How dare she expose my children to something so harsh, so incendiary, so soon! After all my time of saying “fudge biscuit,” “shnikey,” and “Jehosophat,” how could someone hand my children the very verbal weapons I was trying to keep from them at all costs?
But after holding my tongue, and thinking about it some more, I realized that it’s not such a bad thing for them to hear such words. It’s the context that those words are in that is important, because then it becomes a teachable moment instead of something full of chagrin.
Pretending that this woman didn’t say what she said would have been foolish because kids pick up things even if they don’t talk about them. The key is to talk about it in the moment. So, five minutes after the incident, I sat my oldest down and talked to her about bad words, about why people say them, and about how we shouldn’t say them. It turns out she had heard what the woman said earlier. She just hadn’t mentioned it.
That’s the glory of having children, honestly. They take in so much more than they let on, hording everything until such a moment when they deem it worthy to share. Most of the time the moments they choose are highly inappropriate. So why not take those times that fall into our lap, instead of wincing and hoping they didn’t hear, to educate them on the words we should use and the ones we should avoid?
My mother was all for leaving it alone, for pretending it never happened, and as I got older I faulted her for this. I knew the whole cadre of words, but I never said them. I held them all inside, until I became a teenager, and I got a few friends. That’s when they call came tumbling out, and at the worst times. That’s how I know it happens. I know what she thought, that she was shielding me from the harshness of the world, and I am grateful for her motives, but the world gets in anyway.
And maybe it’s just the world we live in nowadays too, the widespread belief that anyone should be able to say anything to anyone at any time without fear of reprisal.
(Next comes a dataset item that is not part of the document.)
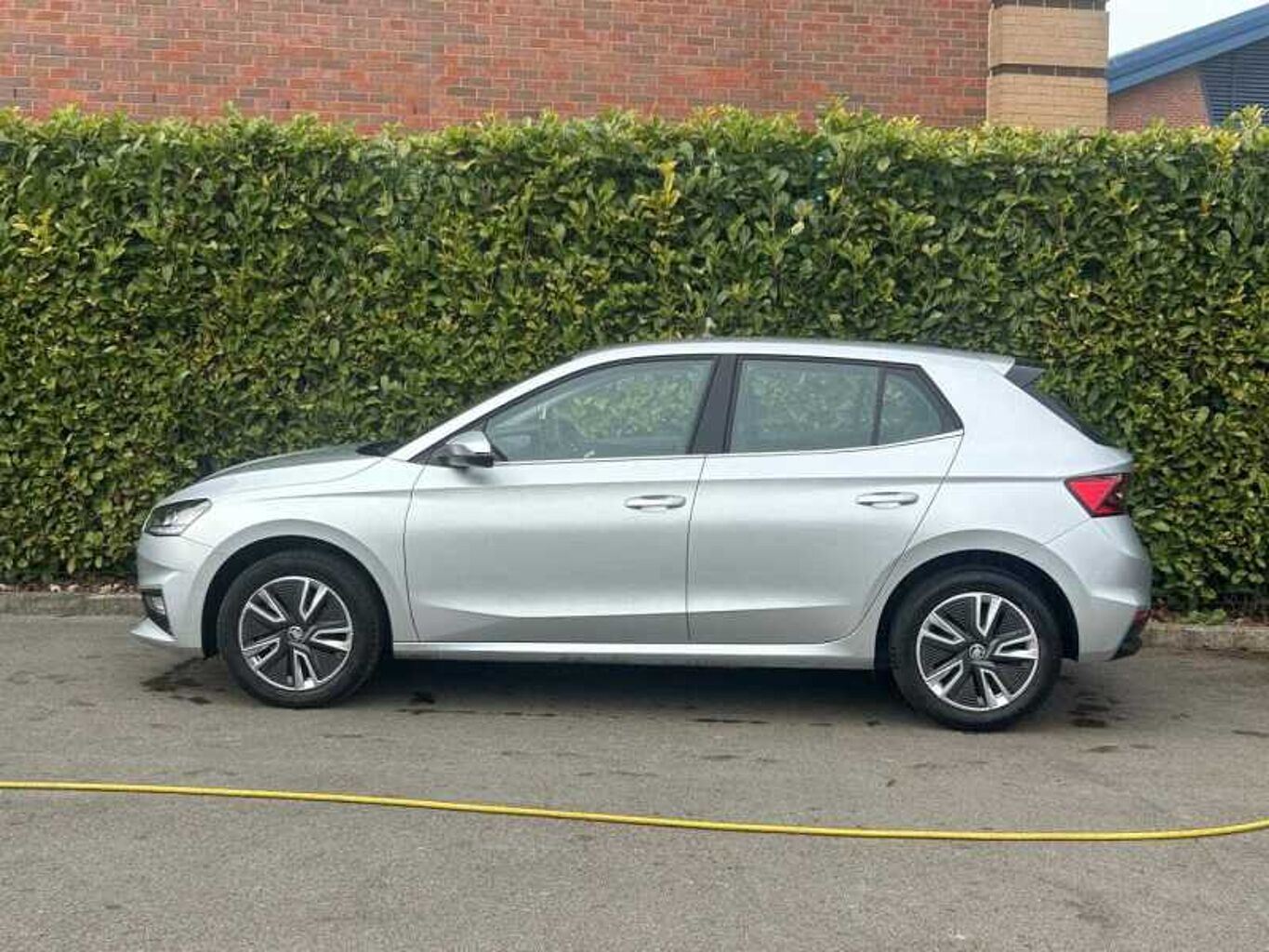 SKODA FABIA 1.0 TSI 110 SE L 5dr DSG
Perhaps it’s the me-first mentality that permeates our nation and our world. Or it could just be the parents who swear at their children every single day, who see nothing wrong with using that language. Whatever it is, though, our kids are exposed more than we were growing up, so there are more moments to be there for them, to explain why those words are wrong to say, to teach them how to stay on this side of that thin line.
Or we could simply go with our baser instincts and slap that woman 10 ways from Sunday. That’s still an appealing choice to me even though I know it’s wrong. I blame the world we live in.